Pleiten, Pech und die Politik zwangen immer wieder zur Umplanung, Millionen wurden im Sand verbaut. Jetzt ist es soweit: Nach sieben Jahren eröffnet die Staatsoper zum Tag der Deutschen Einheit (3. Oktober) die neue Saison in ihrem frisch renovierten Haus - allerdings nicht mit einem für solche Ereignisse repräsentativen Opern-Blockbuster à la "Meistersinger", "Fidelio" oder "Freischütz", sondern mit einem Torso.

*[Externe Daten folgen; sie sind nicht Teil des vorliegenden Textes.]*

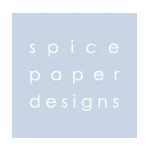 Spice Paper Designs Merchant Logo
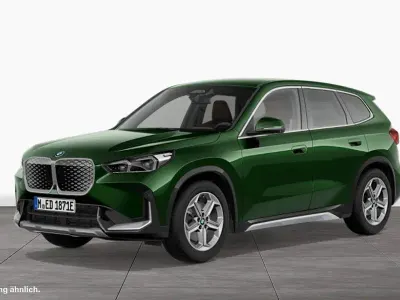 Gebraucht BMW iX1 xLine 200 kW (272 PS) 2023 Sanremo green SUV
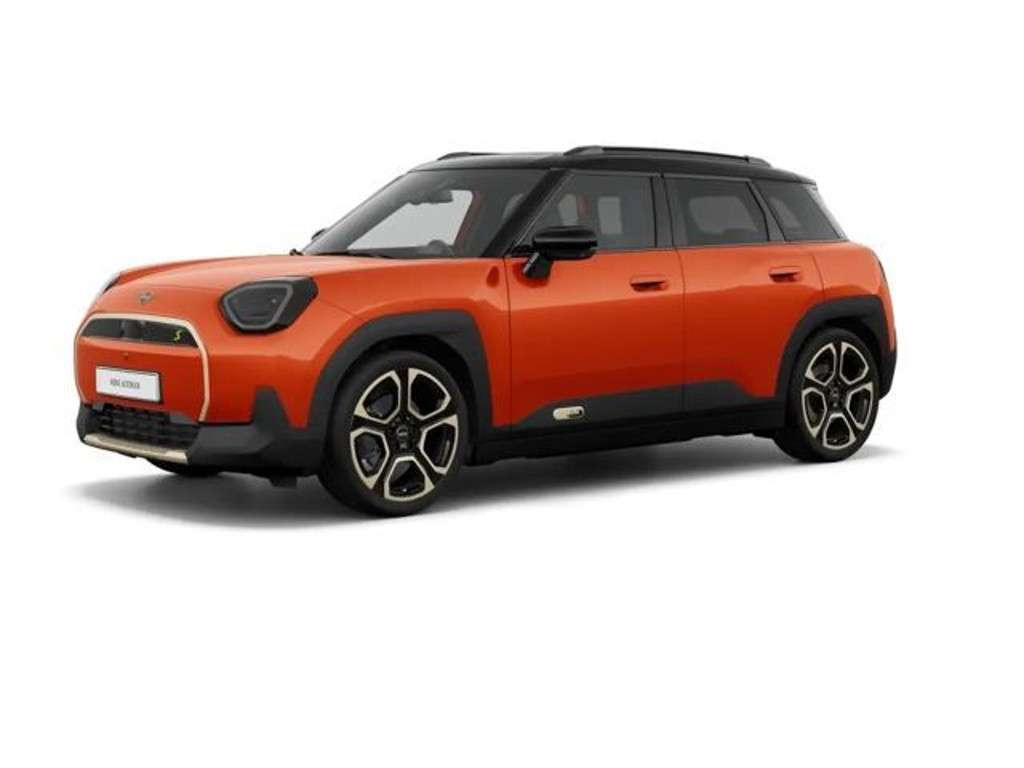 Mini Aceman 2024 Elektrisch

Aus Robert Schumanns "Szenen aus Goethes Faust" hat Intendant und Regisseur Jürgen Flimm einen Abend unter dem Titel "Zum Augenblicke sagen: Verweile doch!" mit Texteinlagen gestrickt. "Wir wollten einen großen Stoff, der mit unserer Kulturgeschichte verknüpft ist", begründete Flimm die Wahl. Auf dem Programm des Eröffnungsfestivals steht auch ein Konzert vor dem Opernhaus und ein Auftritt der Wiener Philharmoniker mit Zubin Mehta. Doch nach dem Auftakt ist sofort wieder Pause: Erst am 7. Dezember wird die Staatsoper regulär öffnen, bis dahin müssen sich die Mitarbeiter für den Betrieb fit machen.

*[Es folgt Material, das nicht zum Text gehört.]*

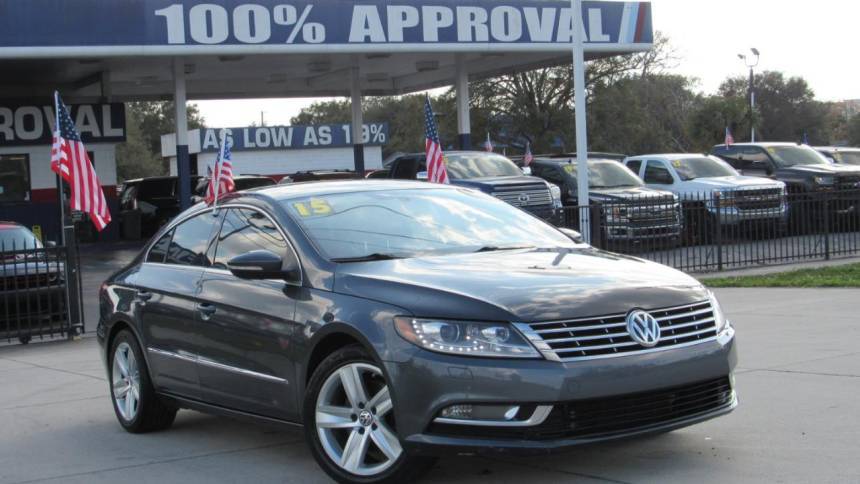 2015 Volkswagen CC Sport — Sedan — 96,181 mi — Orlando, FL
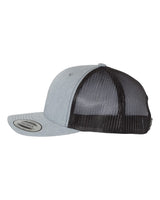 Retro Trucker Cap - 6606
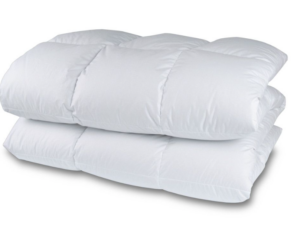 eierdekbed dons royal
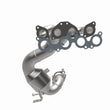 Load image into Gallery viewer, MagnaFlow Conv DF 05-11 Volvo XC90 4.4L Rear - Additional View 11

Daniel Barenboim fiebert schon der Premiere entgegen. In den vergangenen Jahren hatte er im Ausweichquartier im Schiller-Theater dirigieren müssen. Die Akustik im renovierten Saal übertreffe seine kühnsten Erwartungen. "Ich bin erstaunt, wie hervorragend der Klang geworden ist", sagte der Generalmusikdirektor. Auf Barenboims Wunsch wurde die Decke um fünf Meter erhöht, mit der neuen Galerie wird die Nachhallzeit der Musik auf 1,6 Sekunden nahezu verdoppelt. Mit Mozart, Brahms, Bruckner und Strawinsky hat sich die Staatskapelle in diesen Tagen eingespielt und die neuen Klangverhältnisse ausgelotet.

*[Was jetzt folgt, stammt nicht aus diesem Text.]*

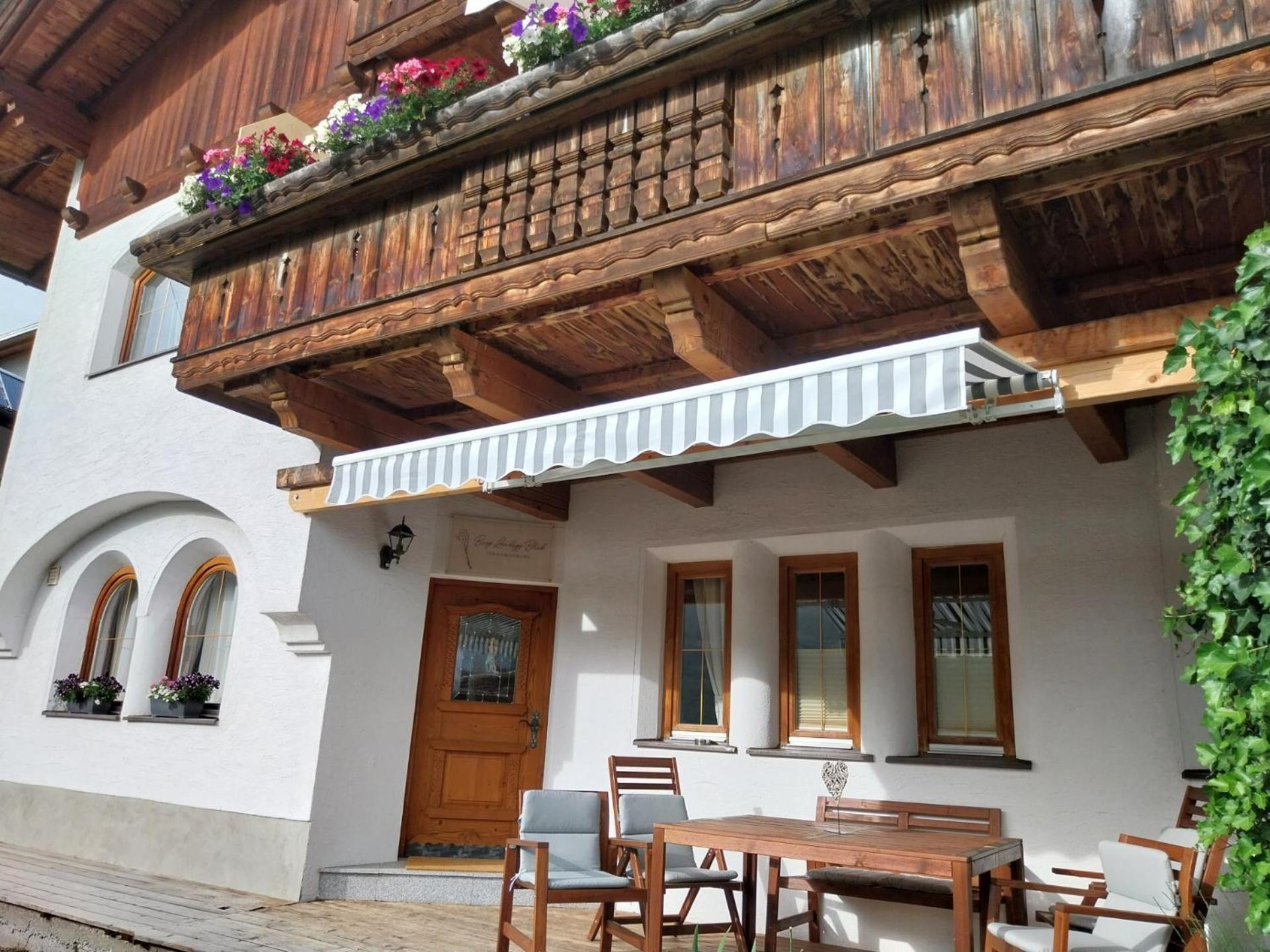 Burg Laudegg Blick Apartment Faggen Exterior photo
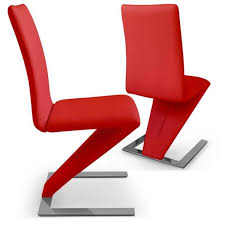 Chaise Rouge Design Lot De 2 Chaises Flash Rouge Achat Vente Chaise Rouge Cdiscount Chair Design Red Chair Chair Design Modern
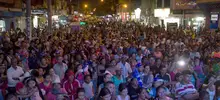 Buena aceptación ha tenido la feria rural y comuneras en esta 59 Feria de Cali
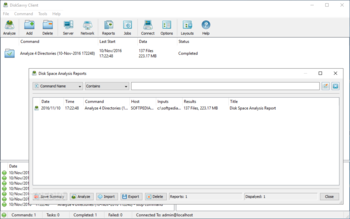 Disk Savvy Enterprise screenshot 2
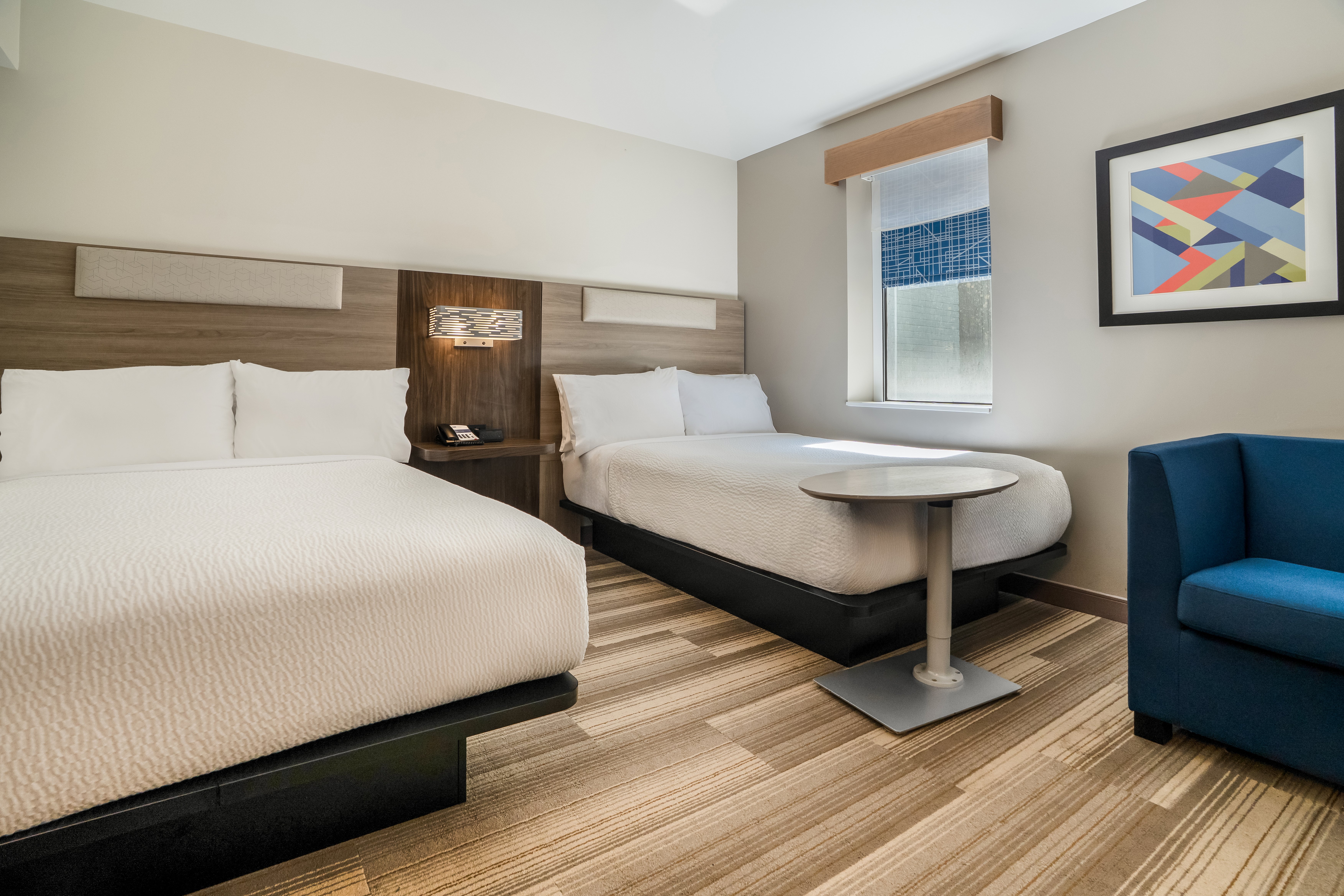 Holiday Inn Express New Orleans St Charles 8/43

Zu den Neuerungen gehört eine unterirdische Verbindung zwischen der Hauptbühne und den Proberäumen im benachbarten Intendantenhaus. Das erleichtere die Logistik enorm, sagt Ko-Intendant Matthias Schulz. Allerdings verschlang der 75 Meter lange und 18 Meter hohe Tunnel Millionen. Der Verbindungsbau musste mit einer mehrere Meter dicken Betonsohle gegen das Grundwasser abgesichert werden. Im Untergrund wurden außerdem Reste der alten Stadtmauer gefunden.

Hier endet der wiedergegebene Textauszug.